Thursday, 25 February 2016

Iranians go to the polls on Friday for two major elections after a week of fierce campaigning between conservatives desperate to maintain their influence over the country’s political landscape and their reformist rivals seeking a comeback.
The first votes held since the landmark 2015 nuclear agreement will elect new members of Iran’s 290-seat parliament, or Majlis, and 88 clergy for the influential assembly of experts, which appoints the next supreme leader.
Polling stations across the country were due to receive voters from 8am until 6pm but voting can be extended in the evening. Senior Iranian officials, including the supreme leader, Ayatollah Ali Khamenei, were expected to cast their votes in the early hours of stations opening their doors.
Nearly 55 million of Iran’s estimated 80 million people are eligible to vote, according to Hossein-Ali Amiri, a senior election official at Tehran’s ministry of interior. As many as 120,000 ballot boxes had been distributed in Iran’s 31 provinces and more than 110m ballots issued, the state Irna news agency reported.
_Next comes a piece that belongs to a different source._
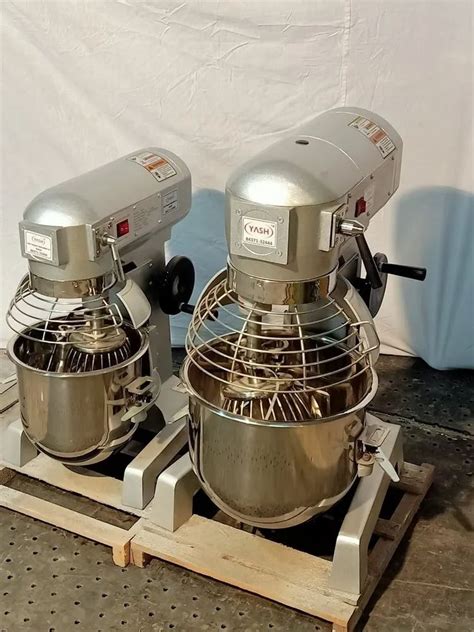 Mild Steel Bakery Mixer, Capacity: upto 20 kg at Rs 95600 in Mohali | ID: 23980270255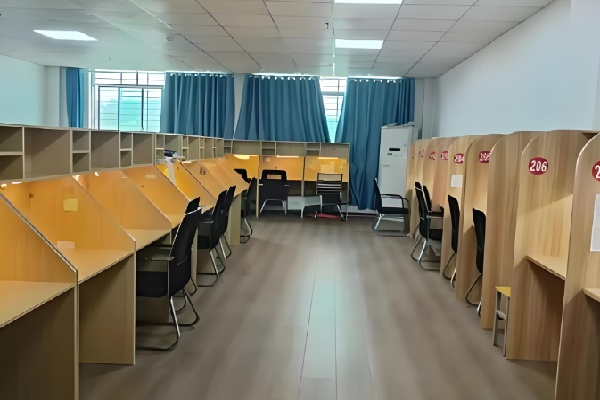 九学王自习室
Despite widespread disqualifications during the vetting process at the hands of the powerful Guardian Council, an unelected group of clergy and jurists, there appeared to be no sign of an organised boycott.
Reformists have been pulling out all the stops to shake up a decade of conservative dominance over the two political institutions that are up for grabs on Friday. Although many of their candidates have been disqualified, they have put aside inter-party differences and formed a coalition with moderates allied with President Hassan Rouhani in order to block hardliners from entering the two bodies.
The coalition of candidates supported by the reformists and moderates is called “the list of hope” and activists have been busy over the course of the past week urging people to turn out in big numbers and vote for all the members on their favourite list. The first candidate on their main list is the former presidential candidate Mohammad-Reza Aref.